# Automatic Reward Shaping from Confounded Offline Data
This notebook is based on our ICML 25 [paper](https://openreview.net/forum?id=Hu7hUjEMiW&referrer=%5BAuthor%20Console%5D(%2Fgroup%3Fid%3DICML.cc%2F2025%2FConference%2FAuthors%23your-submissions)).
Also see the Techical Report version [here](https://causalai.net/r123.pdf).

The task is to learn a potential function automatically from offline data to be used in Potential Based Reward Shaping (PBRS). The new reward function after reward shaping is defined to be,
$$
Y' = Y + \gamma\phi(s') - \phi(s)
$$
where $Y$ is the original reward signal and $Y'$ is the one after shaping. $\phi(\cdot)$ is the potential function we aim to learn automatically from offline datasets.

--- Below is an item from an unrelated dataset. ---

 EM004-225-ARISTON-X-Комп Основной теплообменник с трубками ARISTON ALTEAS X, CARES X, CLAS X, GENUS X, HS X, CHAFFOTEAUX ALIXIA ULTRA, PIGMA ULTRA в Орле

Intuitively, one can use the optimal state values as the potential function. And if the provided offline dataset is generated by a good enough policy, one can directly take the average cumulative return as the state value estimations. However, when the offline dataset is confounded or the data generating policy is sub-optimal, such naive estimations are highly biased and could mislead the policy training. See example 1&2 in the paper for more details.

In this work, we use causal bounds to estimate an upper bound on the optimal interventional
state values. Then, we take the estimated upper value bound as the potential function to train our online policy learner, Q-UCB.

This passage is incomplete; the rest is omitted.